Cash for Women's Empowerment? A Mixed-Method Evaluation of the Government of Zambia's Child Grant Programme
The empowerment of women is an often-cited objective and benefit of social cash transfer programs in developing countries. Despite the promise and potential of cash transfers to empower women, the evidence supporting this outcome is mixed. In addition, there is little evidence from program that have gone to scale in sub-Saharan Africa.
This paper reports findings from a mixed-methods evaluation of the Government of Zambia’s Child Grant Programme, a poverty-targeted, unconditional transfer given to mothers or primary caregivers of young children aged 0 to 5. Results show potential for national, poverty-targeted, unconditional, government-run programmes in Africa, to improve the well-being of female beneficiaries.

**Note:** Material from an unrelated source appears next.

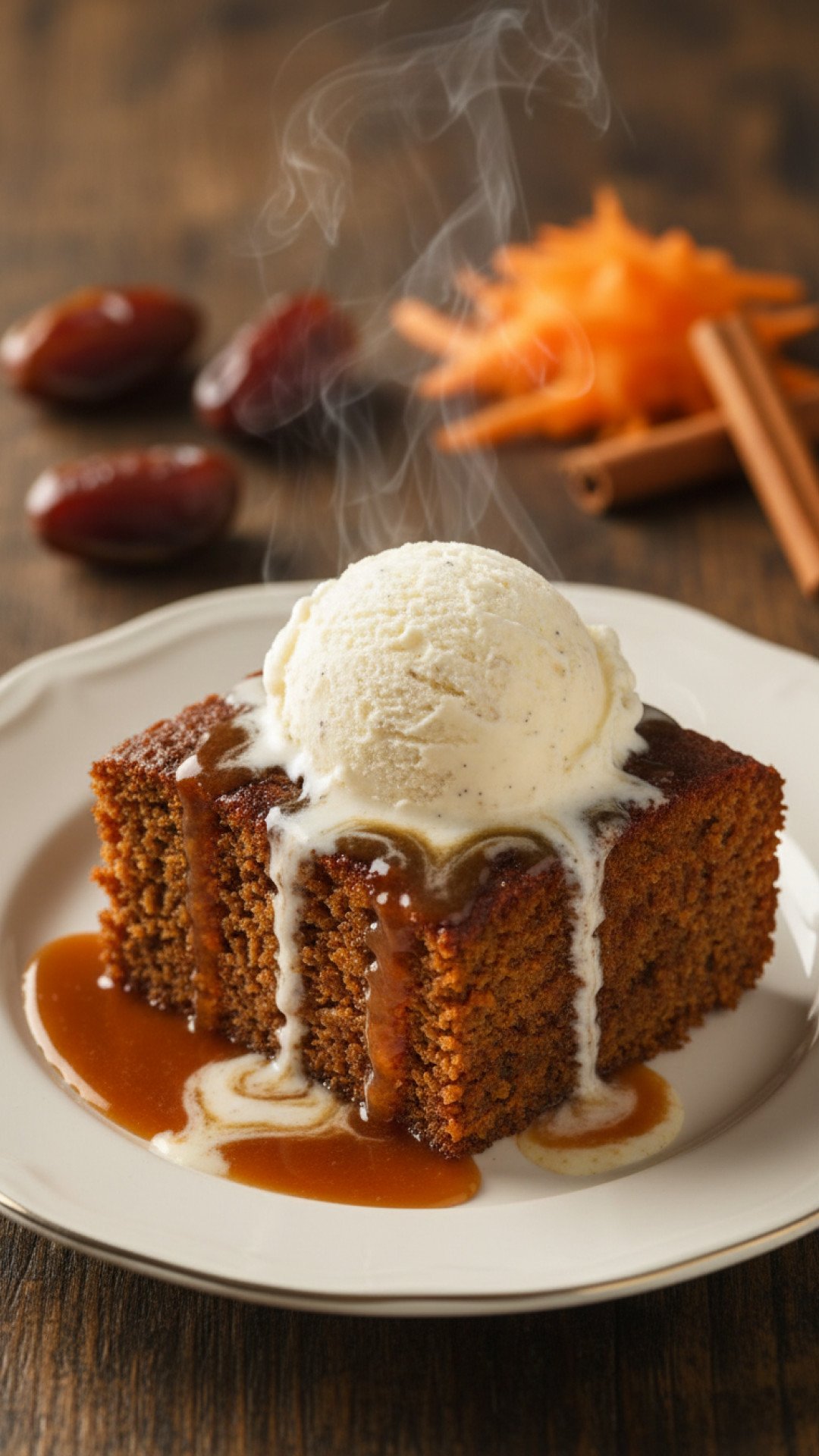 Carrot Date Pudding with Brown Sugar Sauce Preparation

The program included a quantitative component (a four-year longitudinal clustered randomized control trial in three rural districts) and a qualitative component (a one-time data collection involving in-depth interviews with women and their partners). Qualitatively, we found that changes in intrahousehold relationships were limited by entrenched gender norms, which indicate men as heads of household and primary decision-makers. However, women’s narratives showed the transfer did increase overall household well-being because they felt increased financial empowerment and were able to retain control over transfers for household investment and savings for emergencies. The paper highlights methodological challenges in using intrahousehold decision-making as the primary indicator to measure empowerment.